At first glance, AnnaLynne McCord looks like the Hollywood ideal: a tall, thin, striking blonde with perfect hair and fashion magazine style – but, what you would probably never guess is that she was sexually assaulted, in her own bed, by one of her closest friends.
Project D.A.T.E chose McCord as keynote speaker to this year’s S.A.A.F.E Week event to talk about her personal experience with sexual assault, including how it happened, how it affected her life and how she made it through.
Immediately after approaching the podium, McCord gave the audience assembled in Nordhoff Hall a quote that has fueled her desire to come forward and use her experience to educate and empower others.
“The only way I know how to make a change,” said McCord, “is to be the change.”
Then she launched into the story of her assault. As she was recounting the night she was raped, McCord took a moment to give the audience some background on her childhood and how she felt that it played a part in the events of that night.
“I’m from the South,” she said. “We’re taught to be polite – but being polite means lying.”
“You don’t want to hurt anyone’s feelings or be politically incorrect,” said McCord. “When I was being raped, I froze because I was taught that I didn’t have the right to say no.”
The only thing that allowed McCord to stop her attacker was the thought that she was cheating on her boyfriend.
“I could find my voice to say, ‘please stop’ for my boyfriend’s sake, I couldn’t find it to save myself,” she said.
After the attack, McCord suppressed her shame and used cutting to “numb herself” to the pain and shock she was in denial of suffering.
“The worst thing about all of those feelings was feeling alone,” she said. “I still have times when I feel alone, but talking about it makes me feel more normal.”
During the 10 months that McCord kept her rape secret from everyone around her, she began to spend less time acting and more time creating a charity that rescues girls in Cambodia from the abuse of sex trafficking.
She didn’t make the connection between the parallel circumstances she shared with the girls that she was saving.
“Those girls saved me,” McCord said. “There is no doubt about it – without them, I might not be here to tell my story.”
Though she finally told a close male friend about her attack, it wasn’t until her character’s storyline on CW’s reboot of 90210 mirrored her real life that she acknowledged its impact on her psyche and the post-traumatic stress that she had been suppressing.
During filming, the reality of what had happened to her came to the surface in a way that made her run from the set. It was her makeup artist that found her hiding on another sound stage.
“The interesting thing about survivors is that we find each other,” said McCord of her makeup artist. “He didn’t know my story and I didn’t know his, but in some way, we each knew each other’s stories – he was a survivor, too.”

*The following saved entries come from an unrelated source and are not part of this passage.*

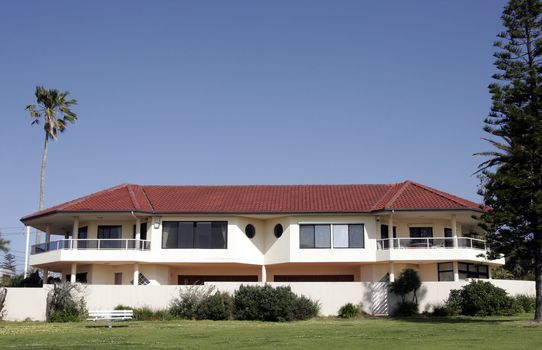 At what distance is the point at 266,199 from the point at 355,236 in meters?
6.07

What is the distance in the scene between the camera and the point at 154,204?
137ft

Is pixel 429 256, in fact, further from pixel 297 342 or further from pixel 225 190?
pixel 297 342

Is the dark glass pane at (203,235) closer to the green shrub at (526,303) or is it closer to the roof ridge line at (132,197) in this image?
the roof ridge line at (132,197)

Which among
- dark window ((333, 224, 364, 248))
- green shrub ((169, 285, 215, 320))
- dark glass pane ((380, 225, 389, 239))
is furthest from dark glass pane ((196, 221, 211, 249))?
dark glass pane ((380, 225, 389, 239))

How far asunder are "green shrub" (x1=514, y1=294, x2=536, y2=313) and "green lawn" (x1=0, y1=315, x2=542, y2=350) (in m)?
8.81

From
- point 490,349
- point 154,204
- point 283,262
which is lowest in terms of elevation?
point 490,349

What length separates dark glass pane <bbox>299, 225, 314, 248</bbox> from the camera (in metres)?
40.6

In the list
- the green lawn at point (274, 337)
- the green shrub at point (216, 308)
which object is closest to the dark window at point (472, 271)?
the green lawn at point (274, 337)

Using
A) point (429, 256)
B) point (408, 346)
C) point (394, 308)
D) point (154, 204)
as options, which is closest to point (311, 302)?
point (394, 308)

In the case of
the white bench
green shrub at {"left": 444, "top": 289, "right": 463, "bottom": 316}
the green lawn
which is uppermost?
green shrub at {"left": 444, "top": 289, "right": 463, "bottom": 316}

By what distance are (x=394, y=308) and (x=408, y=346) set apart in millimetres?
17341

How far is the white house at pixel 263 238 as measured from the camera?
131ft

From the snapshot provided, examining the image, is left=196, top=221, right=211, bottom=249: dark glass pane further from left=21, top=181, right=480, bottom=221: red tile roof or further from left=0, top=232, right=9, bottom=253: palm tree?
left=0, top=232, right=9, bottom=253: palm tree

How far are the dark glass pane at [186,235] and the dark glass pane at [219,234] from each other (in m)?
1.21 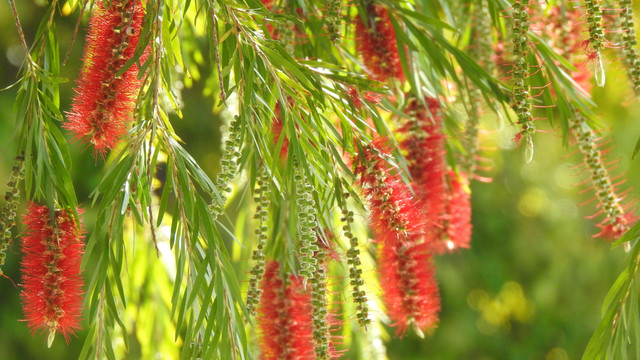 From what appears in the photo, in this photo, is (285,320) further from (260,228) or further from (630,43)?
(630,43)

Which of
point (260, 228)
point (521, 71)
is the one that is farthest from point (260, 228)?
point (521, 71)

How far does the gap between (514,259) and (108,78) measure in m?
2.81

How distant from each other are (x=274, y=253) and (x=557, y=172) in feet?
8.44

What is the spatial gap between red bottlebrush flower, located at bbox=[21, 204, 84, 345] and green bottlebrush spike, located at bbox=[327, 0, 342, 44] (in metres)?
0.30

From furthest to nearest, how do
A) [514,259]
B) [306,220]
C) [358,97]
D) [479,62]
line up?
[514,259]
[479,62]
[358,97]
[306,220]

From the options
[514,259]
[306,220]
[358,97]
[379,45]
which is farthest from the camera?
[514,259]

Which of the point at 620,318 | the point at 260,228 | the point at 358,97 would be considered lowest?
the point at 620,318

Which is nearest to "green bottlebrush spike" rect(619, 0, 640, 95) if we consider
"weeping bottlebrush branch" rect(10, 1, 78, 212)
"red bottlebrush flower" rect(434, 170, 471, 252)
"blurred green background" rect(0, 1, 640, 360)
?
"red bottlebrush flower" rect(434, 170, 471, 252)

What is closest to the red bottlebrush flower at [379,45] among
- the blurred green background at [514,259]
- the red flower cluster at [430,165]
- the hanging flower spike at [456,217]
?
the red flower cluster at [430,165]

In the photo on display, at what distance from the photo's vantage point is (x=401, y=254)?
2.52ft

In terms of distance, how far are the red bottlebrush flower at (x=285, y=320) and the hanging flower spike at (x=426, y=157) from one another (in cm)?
19

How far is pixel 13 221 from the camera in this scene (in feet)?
2.07

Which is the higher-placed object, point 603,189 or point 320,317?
point 603,189

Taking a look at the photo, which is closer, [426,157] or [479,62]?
[426,157] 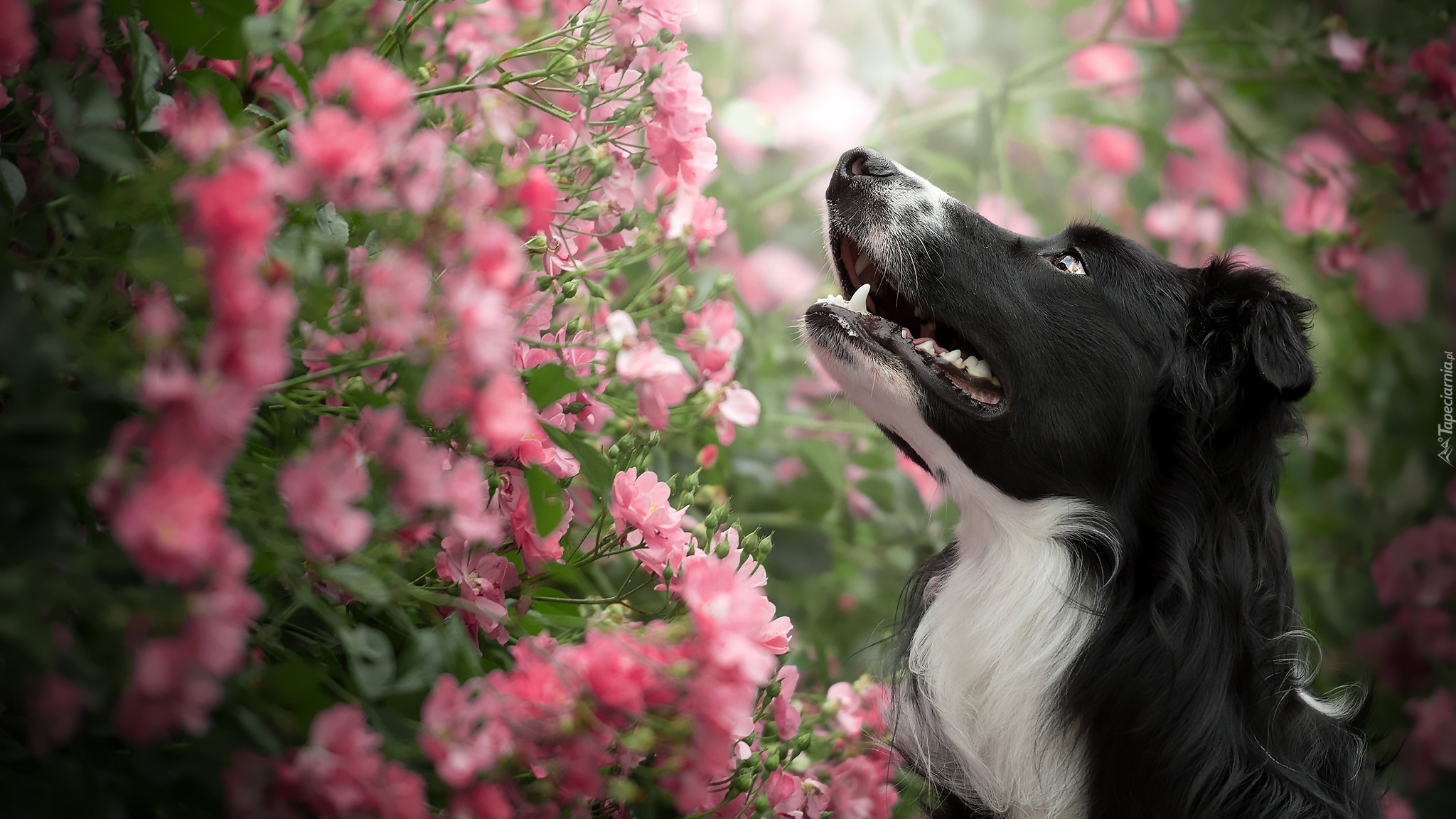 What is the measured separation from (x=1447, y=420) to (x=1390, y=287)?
1.70 feet

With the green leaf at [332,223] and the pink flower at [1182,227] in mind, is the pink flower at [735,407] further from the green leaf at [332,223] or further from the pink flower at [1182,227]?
the pink flower at [1182,227]

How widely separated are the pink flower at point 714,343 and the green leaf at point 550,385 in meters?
0.31

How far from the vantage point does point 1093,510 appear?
5.90 feet

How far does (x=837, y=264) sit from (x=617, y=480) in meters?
0.91

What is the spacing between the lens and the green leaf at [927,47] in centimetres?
266

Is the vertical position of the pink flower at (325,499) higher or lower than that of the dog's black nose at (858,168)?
higher

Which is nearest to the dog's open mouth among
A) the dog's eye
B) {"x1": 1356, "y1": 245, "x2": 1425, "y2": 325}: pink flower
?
the dog's eye

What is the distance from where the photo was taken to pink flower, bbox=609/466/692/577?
124 centimetres

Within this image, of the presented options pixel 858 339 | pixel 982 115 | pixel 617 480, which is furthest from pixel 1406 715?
pixel 617 480

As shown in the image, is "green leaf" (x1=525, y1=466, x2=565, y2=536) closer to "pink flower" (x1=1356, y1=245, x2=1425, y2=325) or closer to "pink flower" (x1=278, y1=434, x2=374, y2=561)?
"pink flower" (x1=278, y1=434, x2=374, y2=561)

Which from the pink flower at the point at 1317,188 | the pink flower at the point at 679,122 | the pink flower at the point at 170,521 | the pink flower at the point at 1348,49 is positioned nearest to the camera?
the pink flower at the point at 170,521

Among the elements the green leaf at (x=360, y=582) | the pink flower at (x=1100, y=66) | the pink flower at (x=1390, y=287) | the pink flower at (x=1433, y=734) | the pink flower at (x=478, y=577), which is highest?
the green leaf at (x=360, y=582)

When McCord went public with her story during a charity fundraiser for the girls in Cambodia, Cosmopolitan magazine gave McCord the opportunity to reach 18 million women and empower them in their own lives.
“There is so much more I want to do, besides act,” she said. “I want to have this conversation with everyone, because, well, we’re human.”
McCord closed with her favorite quote, “what is real cannot be threatened, what is unreal does not exist.”
CSUN Business sophomore, Nick Thornton, came to see McCord because he was a fan of the actress, but he left with some food for thought.
“I don’t think most guys think about things like this,” he said, “but hearing her speak gave me a lot of information I didn’t have before.”
McCord ended the lecture with a call for everyone to come up and take a selfie with her, “Academy Award-style.” She hugged those who asked and thanked the audience for coming to see her speak.
But McCord left the audience with more than photographic evidence of her genuine care for those in her audience. She left them with an admonition.
“Let your life come to you,” she said, “and actually live.”